EXERCISE PROMPT:
Could you please output all of the data exactly, without the images?

RECORDED INFORMATION:
======
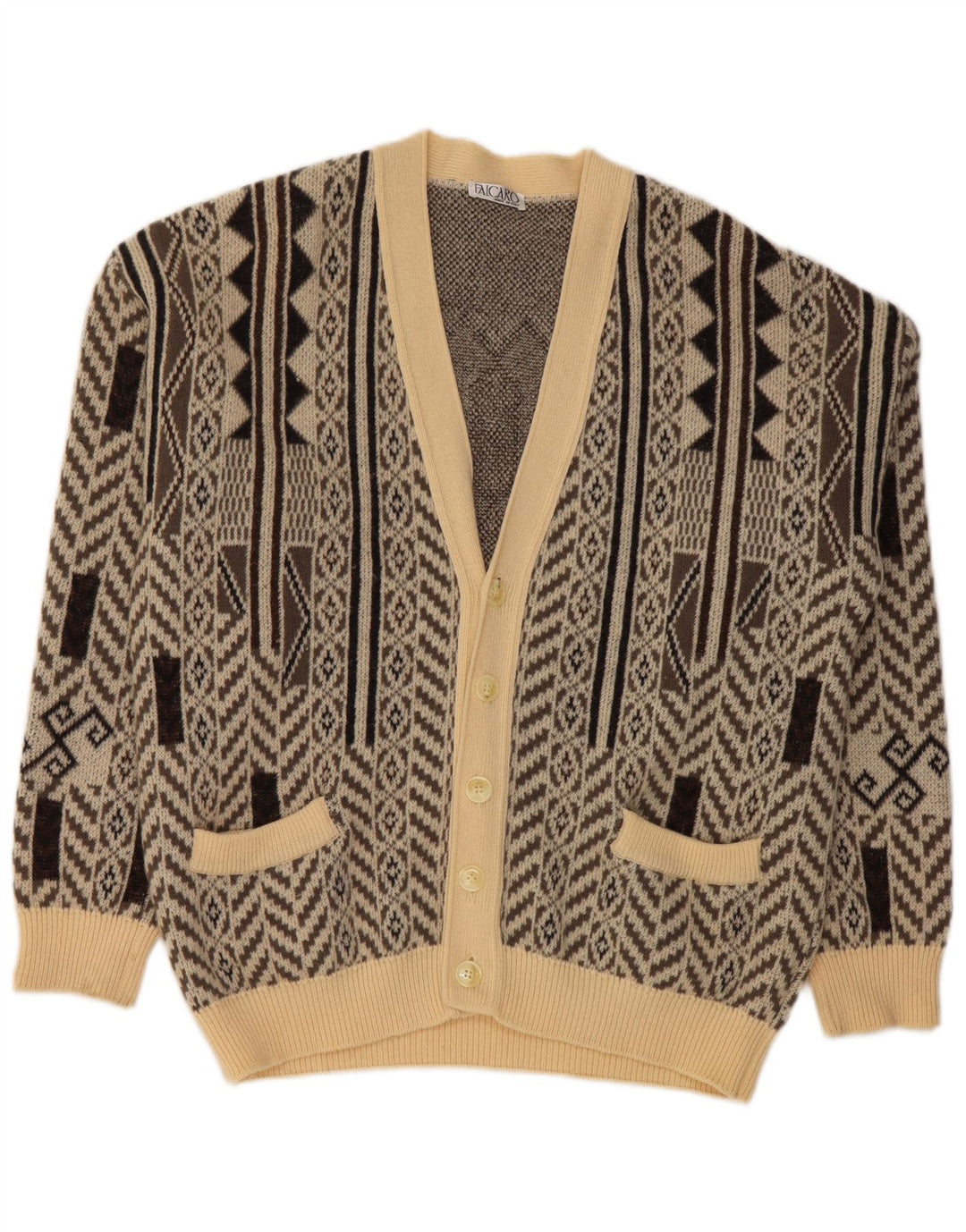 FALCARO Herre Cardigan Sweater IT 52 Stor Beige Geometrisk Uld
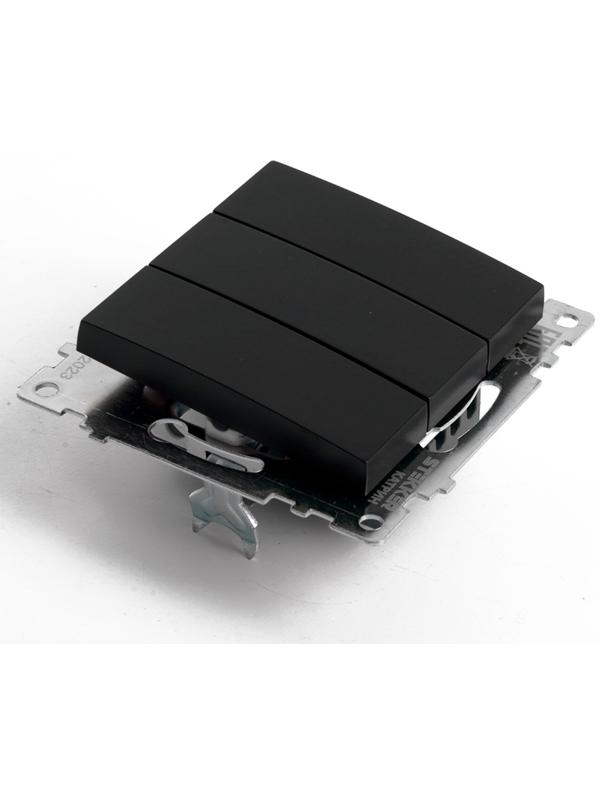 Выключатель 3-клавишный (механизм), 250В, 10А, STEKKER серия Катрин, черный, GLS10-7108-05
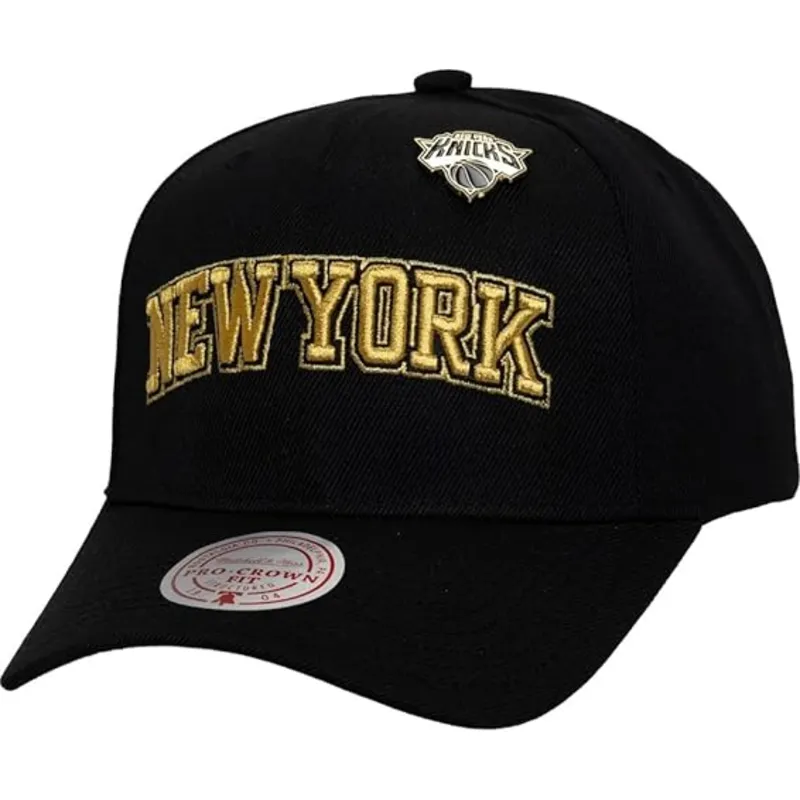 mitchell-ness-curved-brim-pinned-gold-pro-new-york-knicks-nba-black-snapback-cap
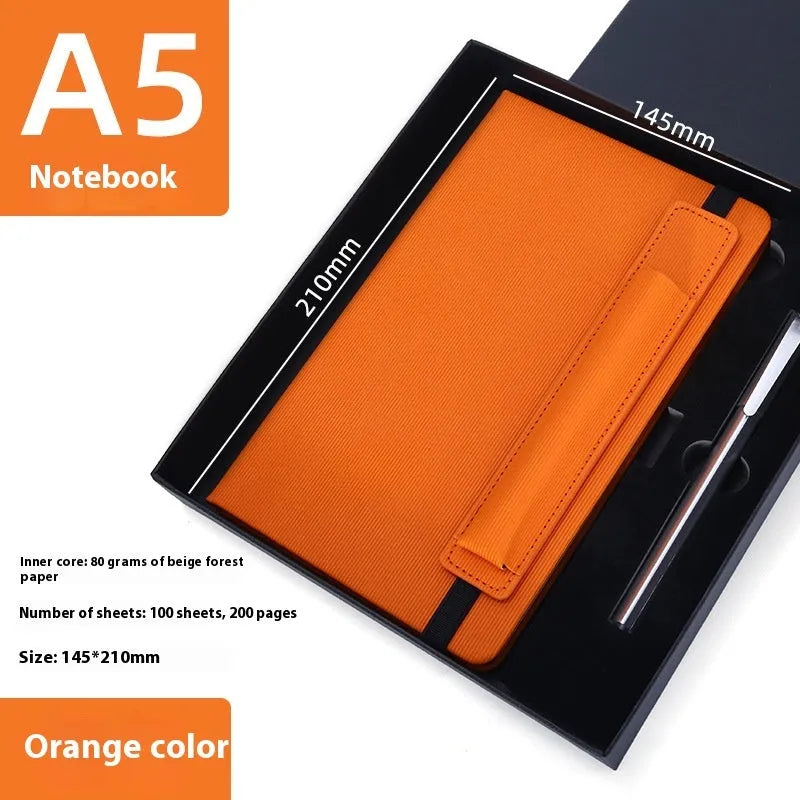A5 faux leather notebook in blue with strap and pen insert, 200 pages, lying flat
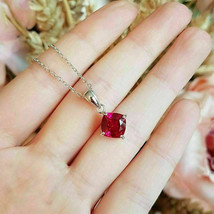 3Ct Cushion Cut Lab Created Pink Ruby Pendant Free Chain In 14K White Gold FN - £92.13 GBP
======
SOLVED PROBLEM:
 FALCARO Herre Cardigan Sweater IT 52 Stor Beige Geometrisk Uld
 Выключатель 3-клавишный (механизм), 250В, 10А, STEKKER серия Катрин, черный, GLS10-7108-05
 mitchell-ness-curved-brim-pinned-gold-pro-new-york-knicks-nba-black-snapback-cap
A5 faux leather notebook in blue with strap and pen insert, 200 pages, lying flat
 3Ct Cushion Cut Lab Created Pink Ruby Pendant Free Chain In 14K White Gold FN - £92.13 GBP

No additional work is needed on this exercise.